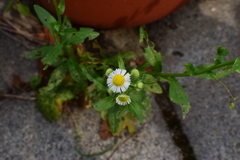 Erigeron annuus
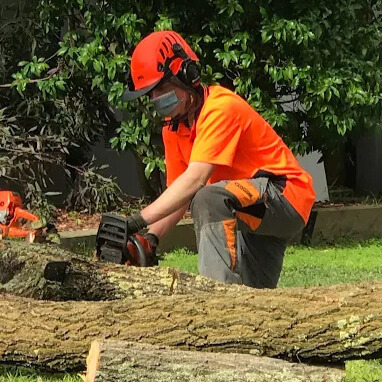 Residential home demolition
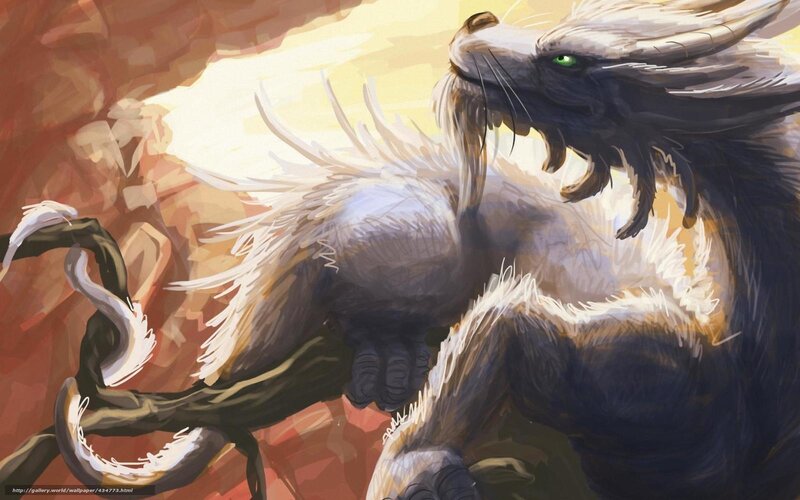 White and Black Dragon — Dramatic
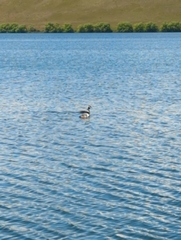 Podiceps cristatus australis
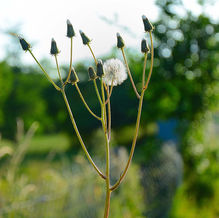 Blüten für Insekten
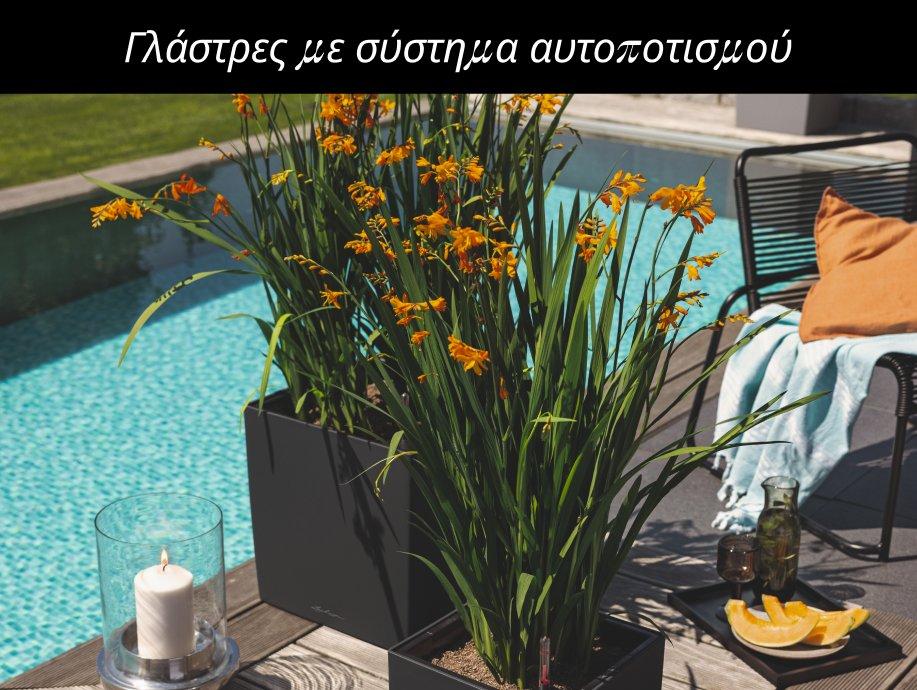 &Omicron; &iota;&delta;&alpha;&nu;&iota;&kappa;ό&sigmaf; &beta;&omicron;&eta;&theta;ό&sigmaf; &sigma;&alpha;&sigmaf; &sigma;&tau;&omicron; &pi;ό&tau;&iota;&sigma;&mu;&alpha; ό&tau;&alpha;&nu; &lambda;&epsilon;ί&pi;&epsilon;&tau;&epsilon;!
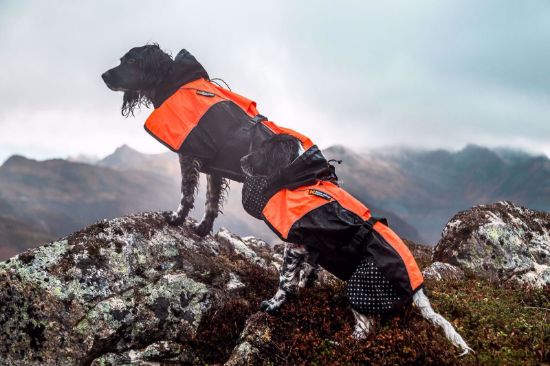 Bilde av Beta Pro Raincoat Orange 30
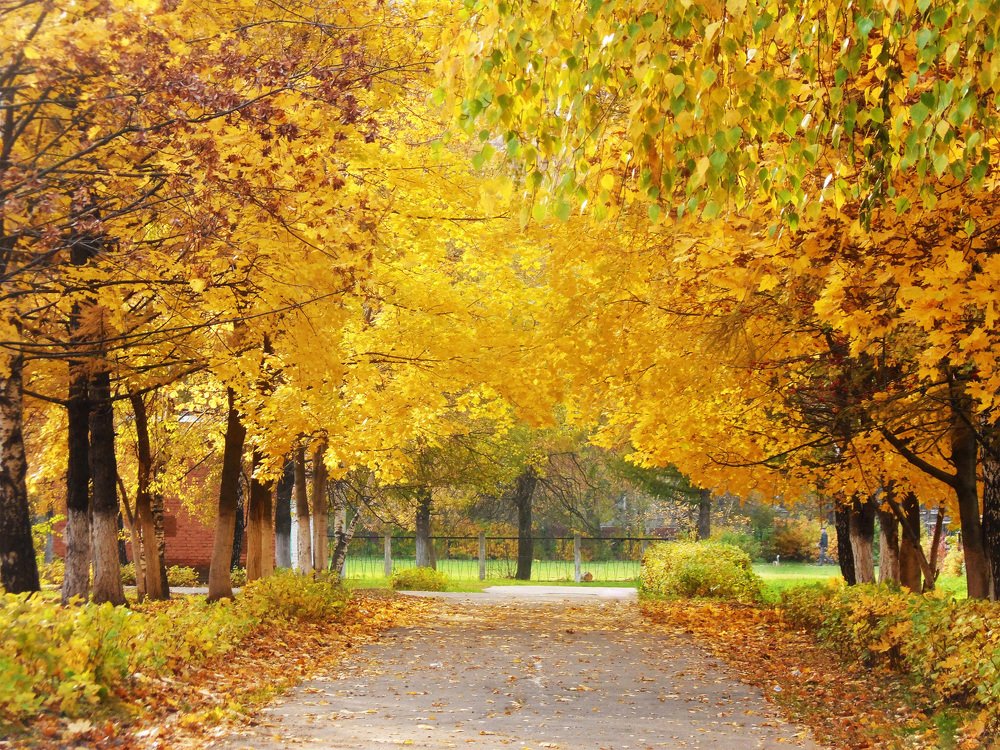 Photograph by Любовь Новикова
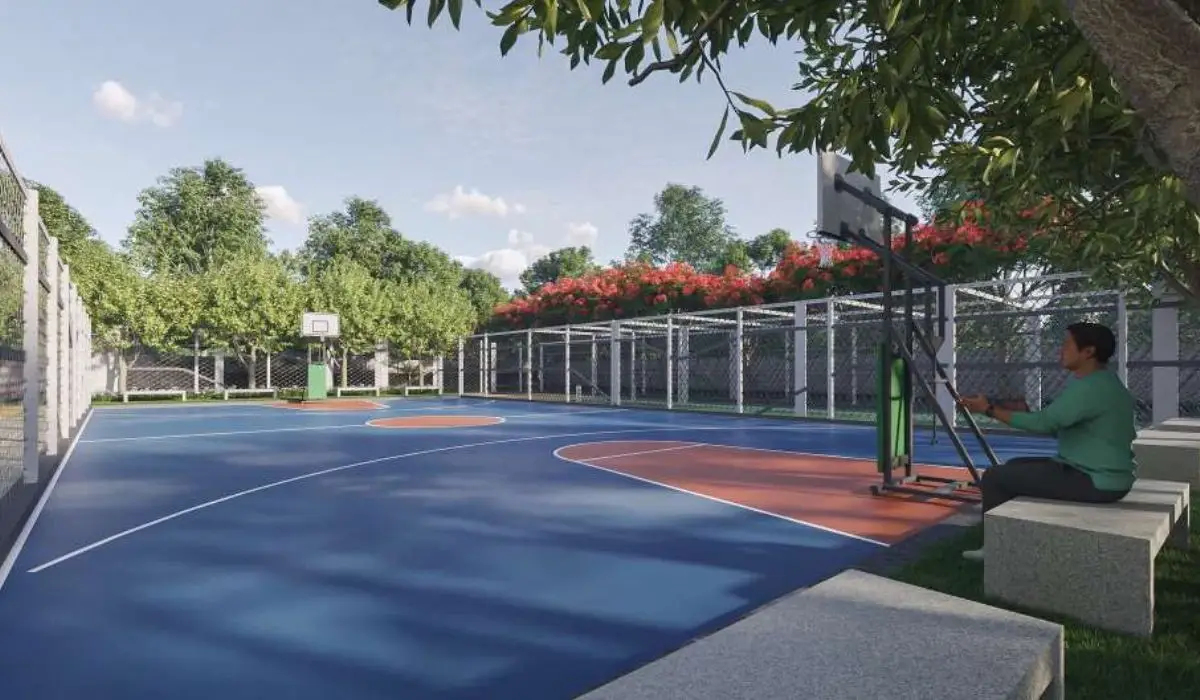 dsr elixir amenities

◆ **EXERCISE INSTRUCTIONS**
A word-for-word copy of every entry, with the pictures left out, is the required answer.

◆ **TASK ANSWER**
 Erigeron annuus
 Residential home demolition
 White and Black Dragon — Dramatic
 Podiceps cristatus australis
 Blüten für Insekten
 &Omicron; &iota;&delta;&alpha;&nu;&iota;&kappa;ό&sigmaf; &beta;&omicron;&eta;&theta;ό&sigmaf; &sigma;&alpha;&sigmaf; &sigma;&tau;&omicron; &pi;ό&tau;&iota;&sigma;&mu;&alpha; ό&tau;&alpha;&nu; &lambda;&epsilon;ί&pi;&epsilon;&tau;&epsilon;!
 Bilde av Beta Pro Raincoat Orange 30
 Photograph by Любовь Новикова
 dsr elixir amenities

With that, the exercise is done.